Dans sa circulaire du 24 août 2020, le Premier ministre a demandé aux préfets d’utiliser tous les outils à leur disposition pour lutter contre l’artificialisation des sols, en visant principalement les centres commerciaux.

Cette annonce fait directement écho à l’une des 149 propositions de la convention citoyenne pour le climat, qui demandait de « prendre immédiatement des mesures coercitives pour stopper les aménagements de zones commerciales périurbaines très consommatrices d’espace ». Une législation existe déjà à ce sujet, dans le code du commerce qui dispose, article L752-1, que « sont soumis à une autorisation d’exploitation commerciale les projets ayant pour objet la création d’un magasin de commerce de détail d’une surface de vente supérieure à 1 000 mètres carrés ».

Ladite demande d’autorisation est examinée par la Commission Départementale d’Aménagement Commercial (CDAC), et n’est acquise que si cette dernière se prononce favorablement.

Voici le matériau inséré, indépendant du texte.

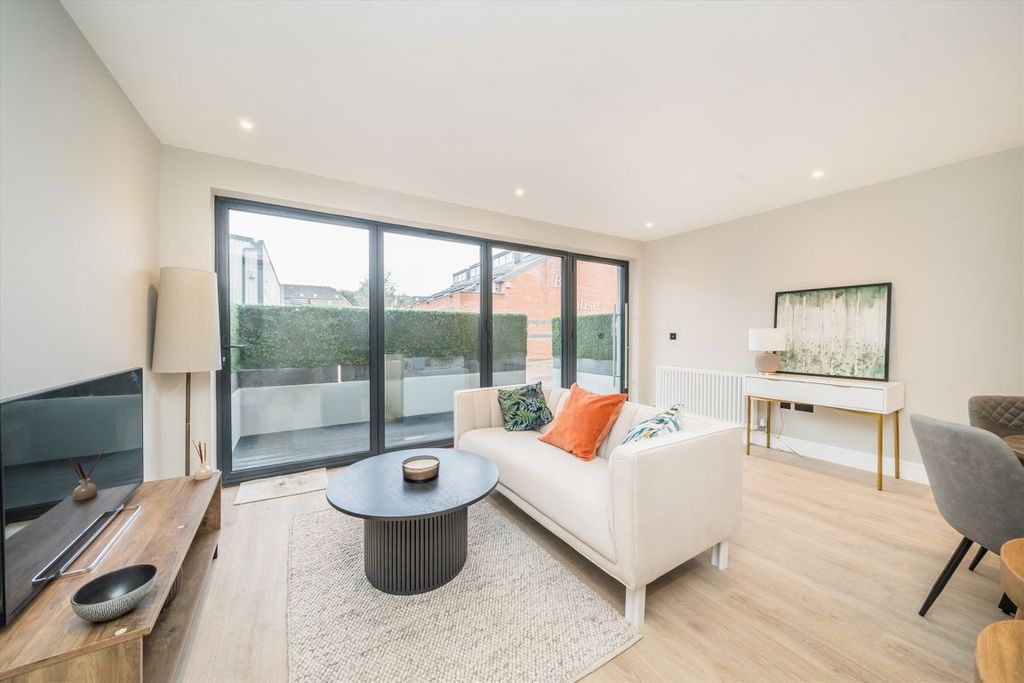 Property photo 3 of 7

En l’occurrence, la circulaire rappelle la possibilité pour le préfet de faire appel de cette décision, soit à la Commission Nationale d’Aménagement Commercial (CNAC), soit devant le juge administratif.

La loi n° 2018-1021 du 23 novembre 2018, dite « loi ELAN », permet au préfet de solliciter, via la chambre agriculture, « une étude spécifique de consommation des terres agricoles », dont le résultat devra être présenté à la CDAC, qu’il préside.

Les objectifs de circulaire, dont le contenu devrait être retranscrit dans un projet de loi établissant un moratoire sur la création de centres commerciaux, renvoient à l’instruction du gouvernement du 29 juillet 2019 relative à l’engagement de l’État en faveur d’une gestion économe de l’espace, qui allait dans le sens du projet « zéro artificialisation nette » du « plan biodiversité », présenté en 2018.